▶ **Problem to solve**
Only one stretch of the data below is needed. Output the lines from the one with "333 Barry, Tecumseh, Ontario N8N2G2" up to and including the one with "Nissan Almera", exactly as they stand.

Stored items from a collection:
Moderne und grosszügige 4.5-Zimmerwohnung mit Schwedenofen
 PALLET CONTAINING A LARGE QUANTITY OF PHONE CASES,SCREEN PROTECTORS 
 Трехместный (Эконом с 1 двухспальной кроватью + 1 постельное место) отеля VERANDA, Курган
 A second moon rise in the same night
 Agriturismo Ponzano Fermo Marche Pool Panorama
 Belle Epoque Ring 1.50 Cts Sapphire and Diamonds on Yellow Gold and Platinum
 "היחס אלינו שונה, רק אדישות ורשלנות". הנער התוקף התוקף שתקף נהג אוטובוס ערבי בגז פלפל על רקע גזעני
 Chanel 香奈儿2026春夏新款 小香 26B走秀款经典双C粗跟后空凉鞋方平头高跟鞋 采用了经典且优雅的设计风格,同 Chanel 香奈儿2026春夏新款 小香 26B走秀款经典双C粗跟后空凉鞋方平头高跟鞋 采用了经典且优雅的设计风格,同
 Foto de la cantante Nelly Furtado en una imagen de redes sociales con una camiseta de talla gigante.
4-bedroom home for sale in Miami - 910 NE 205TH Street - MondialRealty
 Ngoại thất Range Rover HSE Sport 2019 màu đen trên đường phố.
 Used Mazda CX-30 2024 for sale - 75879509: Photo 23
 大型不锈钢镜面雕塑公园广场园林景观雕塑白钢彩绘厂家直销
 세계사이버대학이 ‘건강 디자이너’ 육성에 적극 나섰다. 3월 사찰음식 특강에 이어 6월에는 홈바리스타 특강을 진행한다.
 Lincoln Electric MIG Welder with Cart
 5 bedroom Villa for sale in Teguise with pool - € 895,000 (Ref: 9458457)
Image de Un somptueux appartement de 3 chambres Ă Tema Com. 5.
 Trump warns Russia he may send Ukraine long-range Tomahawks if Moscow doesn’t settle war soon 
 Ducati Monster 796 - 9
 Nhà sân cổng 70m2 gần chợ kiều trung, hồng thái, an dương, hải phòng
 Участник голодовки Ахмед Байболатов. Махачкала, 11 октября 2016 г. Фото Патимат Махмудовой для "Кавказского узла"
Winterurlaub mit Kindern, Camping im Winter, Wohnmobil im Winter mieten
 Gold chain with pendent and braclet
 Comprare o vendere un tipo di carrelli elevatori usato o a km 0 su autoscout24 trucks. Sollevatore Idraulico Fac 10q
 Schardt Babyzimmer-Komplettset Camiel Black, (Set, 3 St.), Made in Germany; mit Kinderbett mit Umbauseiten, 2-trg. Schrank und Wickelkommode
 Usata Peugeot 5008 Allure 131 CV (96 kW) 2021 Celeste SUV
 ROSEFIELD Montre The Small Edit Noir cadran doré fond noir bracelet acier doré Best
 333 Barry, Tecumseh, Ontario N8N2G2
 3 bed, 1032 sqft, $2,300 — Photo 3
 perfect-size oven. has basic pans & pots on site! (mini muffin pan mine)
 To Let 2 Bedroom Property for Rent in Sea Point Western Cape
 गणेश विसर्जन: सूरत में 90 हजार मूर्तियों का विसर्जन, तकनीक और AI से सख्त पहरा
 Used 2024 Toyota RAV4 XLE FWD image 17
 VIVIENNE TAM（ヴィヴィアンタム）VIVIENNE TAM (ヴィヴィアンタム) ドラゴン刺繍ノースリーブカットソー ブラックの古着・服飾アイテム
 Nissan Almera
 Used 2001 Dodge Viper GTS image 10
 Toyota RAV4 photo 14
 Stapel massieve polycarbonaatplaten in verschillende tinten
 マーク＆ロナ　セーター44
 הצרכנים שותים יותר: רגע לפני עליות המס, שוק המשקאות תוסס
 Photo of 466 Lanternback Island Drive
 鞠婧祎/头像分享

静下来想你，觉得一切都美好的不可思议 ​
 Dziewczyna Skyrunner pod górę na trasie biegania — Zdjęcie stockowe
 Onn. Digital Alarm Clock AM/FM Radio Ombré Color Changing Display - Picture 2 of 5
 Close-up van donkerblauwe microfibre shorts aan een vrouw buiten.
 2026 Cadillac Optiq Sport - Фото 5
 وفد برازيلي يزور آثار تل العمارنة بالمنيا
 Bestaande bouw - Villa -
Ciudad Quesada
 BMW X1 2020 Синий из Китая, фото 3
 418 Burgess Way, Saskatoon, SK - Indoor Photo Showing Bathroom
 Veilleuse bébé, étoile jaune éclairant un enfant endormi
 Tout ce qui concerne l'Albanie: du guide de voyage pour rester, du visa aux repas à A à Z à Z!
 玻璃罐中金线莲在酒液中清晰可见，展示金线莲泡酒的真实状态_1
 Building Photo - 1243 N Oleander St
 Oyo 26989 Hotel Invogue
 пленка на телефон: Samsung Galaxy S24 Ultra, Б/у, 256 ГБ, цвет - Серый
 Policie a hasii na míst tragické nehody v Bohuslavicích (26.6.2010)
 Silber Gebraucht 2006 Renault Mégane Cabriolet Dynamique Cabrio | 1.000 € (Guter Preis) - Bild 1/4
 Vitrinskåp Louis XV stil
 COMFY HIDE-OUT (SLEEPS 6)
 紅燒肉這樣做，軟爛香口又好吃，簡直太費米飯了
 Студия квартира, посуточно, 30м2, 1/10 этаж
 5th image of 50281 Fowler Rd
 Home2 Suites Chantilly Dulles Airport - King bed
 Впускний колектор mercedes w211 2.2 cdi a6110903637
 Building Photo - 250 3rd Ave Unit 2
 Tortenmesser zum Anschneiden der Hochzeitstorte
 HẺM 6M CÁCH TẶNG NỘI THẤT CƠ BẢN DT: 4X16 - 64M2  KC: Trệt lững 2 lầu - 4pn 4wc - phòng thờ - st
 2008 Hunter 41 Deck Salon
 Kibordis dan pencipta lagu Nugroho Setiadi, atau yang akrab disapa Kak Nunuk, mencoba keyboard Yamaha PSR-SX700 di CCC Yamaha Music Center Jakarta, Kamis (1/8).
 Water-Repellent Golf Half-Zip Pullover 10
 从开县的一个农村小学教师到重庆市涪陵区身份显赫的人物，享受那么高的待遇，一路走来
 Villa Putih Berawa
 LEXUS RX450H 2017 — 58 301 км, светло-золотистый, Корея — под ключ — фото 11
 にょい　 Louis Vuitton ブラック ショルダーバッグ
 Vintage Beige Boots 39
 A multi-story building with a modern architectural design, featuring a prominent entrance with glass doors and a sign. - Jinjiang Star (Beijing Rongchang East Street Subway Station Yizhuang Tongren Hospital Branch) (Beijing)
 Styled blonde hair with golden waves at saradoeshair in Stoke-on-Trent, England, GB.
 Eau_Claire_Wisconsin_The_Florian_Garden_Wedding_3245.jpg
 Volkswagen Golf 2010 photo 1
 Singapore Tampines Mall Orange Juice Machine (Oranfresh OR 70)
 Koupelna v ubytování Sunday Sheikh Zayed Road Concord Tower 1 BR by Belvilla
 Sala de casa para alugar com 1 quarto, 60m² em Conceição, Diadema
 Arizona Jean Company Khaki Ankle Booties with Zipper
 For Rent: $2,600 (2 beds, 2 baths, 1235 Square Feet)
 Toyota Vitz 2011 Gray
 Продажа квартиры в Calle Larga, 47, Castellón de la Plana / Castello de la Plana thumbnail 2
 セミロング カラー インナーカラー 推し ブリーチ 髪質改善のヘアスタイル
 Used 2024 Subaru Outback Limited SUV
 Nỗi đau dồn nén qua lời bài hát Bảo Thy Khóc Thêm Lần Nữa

▶ **Response area**
 333 Barry, Tecumseh, Ontario N8N2G2
 3 bed, 1032 sqft, $2,300 — Photo 3
 perfect-size oven. has basic pans & pots on site! (mini muffin pan mine)
 To Let 2 Bedroom Property for Rent in Sea Point Western Cape
 गणेश विसर्जन: सूरत में 90 हजार मूर्तियों का विसर्जन, तकनीक और AI से सख्त पहरा
 Used 2024 Toyota RAV4 XLE FWD image 17
 VIVIENNE TAM（ヴィヴィアンタム）VIVIENNE TAM (ヴィヴィアンタム) ドラゴン刺繍ノースリーブカットソー ブラックの古着・服飾アイテム
 Nissan Almera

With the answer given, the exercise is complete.